Authentisches Fahren

schlicht

Der Neandertaler, der mir neulich auf der FAZ-Net-Seite vorgestellt wurde, sah genauso aus wie die alte Frau, die im mikro neben mir saß. Jene griff in ihre Handtasche und holte so eine Art süßes Brötchen raus, das weder Nährwert hat, noch für mich überhaupt genießbar ist. Das empfand sie vielleicht auch so, denn sie fing an, von diesem weich-klebrigen Ekel-Stück nur die braune Lederhaut abzupulen und sich die Fetzen in den Mund zu stecken. Den weißen Kern drückte sie schließlich mit beiden Händen zu einem Klumpen zusammen und warf ihn über die Beine ihres Nebensitzers aus dem offenen Fenster hinaus. Dann wühlte sie mit den Kuchenfingern in ihrer Handtasche und holte einige Geldscheine heraus. Deshalb riechen die auch oft so merkwürdig. Doch spürte sie wohl noch mehr Hunger und pulte an einem weiteren Kuchenbrot rum. Das gab sie jedoch bald auf und fing nun an, die Krümel von ihrem Schoß nach rechts und links zu verteilen. Danach strich sie mit ihren öligen Fingern in manischem Rhythmus auf Gesicht und Haaren herum. Auch fand sie was Störendes in der Nase. Ungewöhnlich war, daß sie nicht wie alle anderen auf einem Handphone rumwischte. Aber dafür hatte sie ja ihre Gummi-Brötchen.

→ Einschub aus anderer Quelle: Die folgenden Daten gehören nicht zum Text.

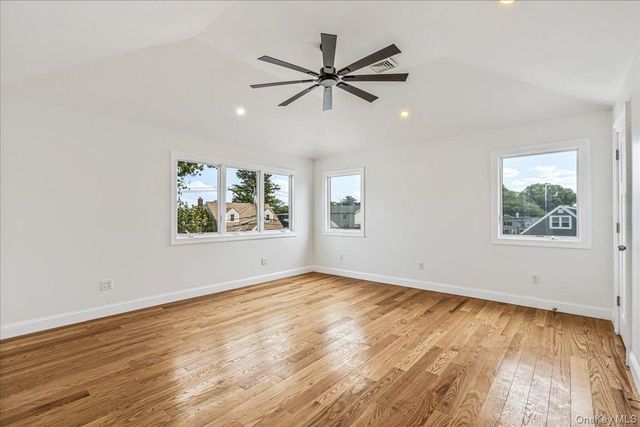 29 Baldwin Drive, West Hempstead, NY 11552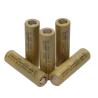 Buy cheap Cylindrical Lithium Ion 18650 Battery 3.6 v 2000mah rechargeable battery FCC from wholesalers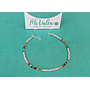 Pu239 Pulsera Colores 2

Die Heck-Bank ist das Schlimmste im mikro. Nicht nur wegen der Neandertaler. Auf dem mittleren Platz hat man noch Knie-Freiheit, davor jedoch das Brett des „WIEP“-Sitzes, dessen very important Benutzer meine Knie als Rückenlehne benutzt. Muß ich mich rechts oder links schräg hinter den Sitz vor mir klemmen, drohen nach einer Weile schwere Krämpfe in den Beinen. Auf der anderen Seite hat eine Frau platzgenommen, die auf ihren alten Mann wartet, der sich in Zeitlupe in den Mini-Bus quält. Die eigenartige Gesichts-Landschaft des Alten besteht aus so tiefen Tälern und ausgeprägten Knochen-Wölbungen, daß ich mich frage, wie er aus den tiefliegenden Augen überhaupt noch seine Umwelt wahrnehmen kann. Viel spielt sich da wohl nicht mehr ab, denn als er sich endlich neben mir niedergelassen hat, tröstet er mich nur damit, daß meine eingeklemmte Position nicht lange dauern würde. Keine weiteren Nachfragen über meinen Status. Das ist ungewöhnlich. Stattdessen schläft er ein. Er kommt gerade aus dem Krankenhaus, wo man ihm irgendwelche Ringe irgendwo eingesetzt hat. Das wird bekannt, als der vor mir sitzende drahtige 80-jährige einen Vortrag über gesundes Leben beginnt und dem neben mir in sich Eingezogenen Ratschläge gibt. Viel trinken solle man, was er auch mir halb umgewandt auf Englisch rät. Viel Gemüse essen und Sport treiben. Welchen Sport er denn treibe, fragt die Frau von dem Alten mit den eingebauten Ringen mit leicht skeptischem Unterton. „Kung Fu!“ antwortet der greise Gesundheits-Berater. Dann zündet er sich eine Zigarette an. Mir und dem Herrn der Ringe bietet er auch eine an, doch wir lehnen beide ab. Für sowas sind wir einfach zu alt.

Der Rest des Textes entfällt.